その表情が芽衣に伝わったかはわからなかった。
体の前で組んだ”手”を見る。
芽衣の目を見ることは出来なかった。
「いや、 ―――サッカー部の連中を集めようとしたんだ・・・。誰も来なかったけどな。」
慶は嘘をつく。
誰かいたと言えば、その誰かがドコで何してるのかと尋ねられる。
それはまずいと直感的に悟る。
何故まずいのか、その答えを求めようとはしなかった。
そんな余裕もなかった。
ただ、芽衣のその純粋さの前で、獣のような自分を見せたくはないと願う。
出来れば、冷静な自分のままでいたい。
芽衣の前でだけは。
「・・・ふーん・・・。また、広志君か・・・。」
「・・・。

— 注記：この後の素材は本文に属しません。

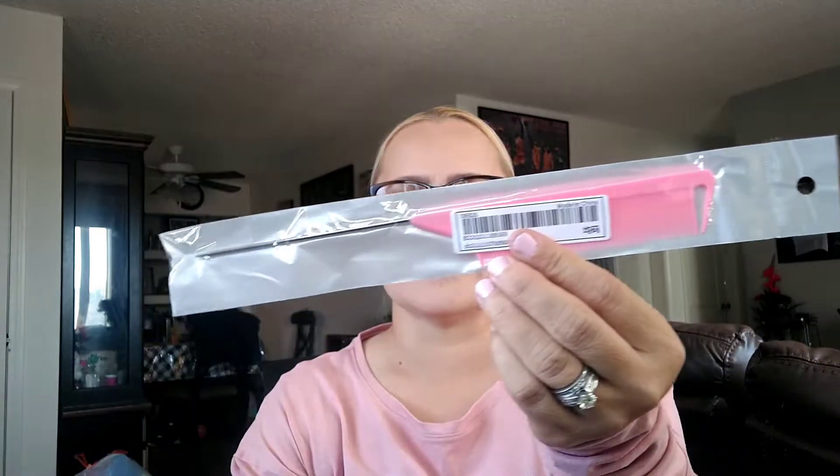I also picked up one of these little teasing combs — I like this part so it makes it easier to give myself a part. I really don't tease my hair, but I mainly got it so I can part my hair a lot easier. So I got that.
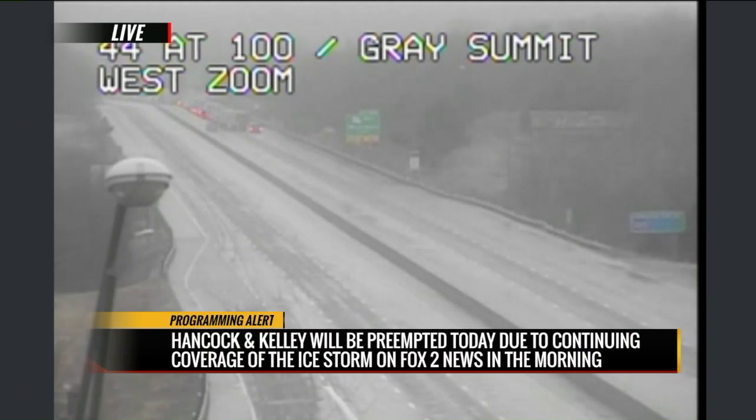Taking you to a live camera at I-44 at Route 100 near Gray Summit, westbound. It's hard to see exactly what's happening, but the roads are clearly slick and icy. There appears to be something happening at the top of the road — possibly emergency personnel or cars sitting in a line. This seems to be the theme everywhere, especially on main roads where they are slick and wet. If you are driving, please slow down — that's where drivers may lose control, ending up in a ditch or hitting another car. Winter weather coverage continues right after this.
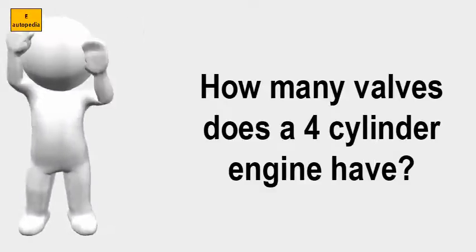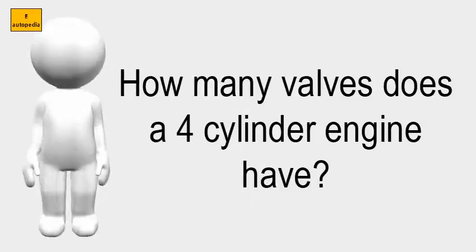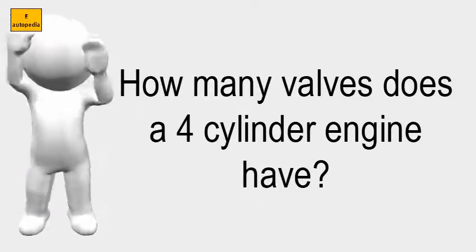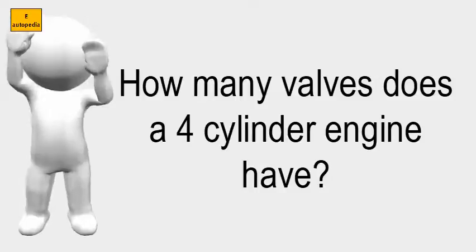How many valves does a four-cylinder engine have? If a four-cylinder engine has a single camshaft, it has eight valves, and if it has a dual camshaft, it has 16 valves. Depending on the type of engine, there may be one, two, or four valves per cylinder.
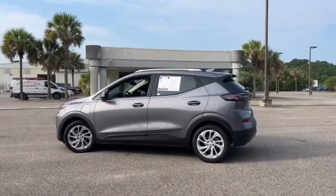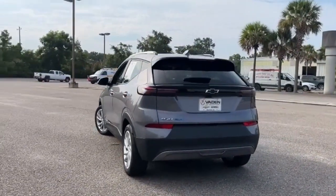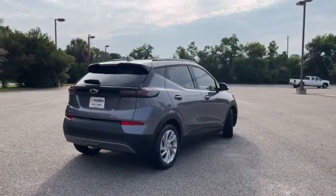plus streaming audio, Wi-Fi hotspot, cabin preconditioning, rear parking sensors, inductive device charging, manual tilting steering column, driver selectable mode, self-sealing all-season front and rear tires, and gas pressurized shocks.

」
いつもの嫉妬を含んだ言い回し。
「あたしの事は数に入ってないの? 」
刺すような問いかけ。
「悪い・・・。」
慶は正直に話す。
平静を装っているだけで手一杯だった。
芽衣は一瞬泣きそうになるのをぐっと堪える。
「そうだよね? あたし達もう関係ないんだもんね。」
皮肉っぽく聞こえたろうな、と、芽衣は言ってから後悔する。
それは慶に向けた言葉ではなく、自分に向けたものだった。
自分に向けた自嘲の言葉。
慶とは終ったのだと確認するための言葉。
「やめよ。―――ね、なんか話して? 」
芽衣はまるで現実を直視しようとはしない。
ゲームに参加しない。
それはある意味で逃避となんら変わらない。
それでも、慶にはそれが”芽衣らしい”と感じていた。
そして、その”芽衣らしさ”に憧れさえも抱く。
と、同時に自分の汚い面が浮き彫りにされていく事に嫌悪していた。
「話―――って? 」
このまま、芽衣と、自然な空気のなかで、なにもかも忘れたいと願う。
”あの小屋”のことも、”あの独房”でのシナリオのことも。
そして、血で汚れた自分のその手のことも。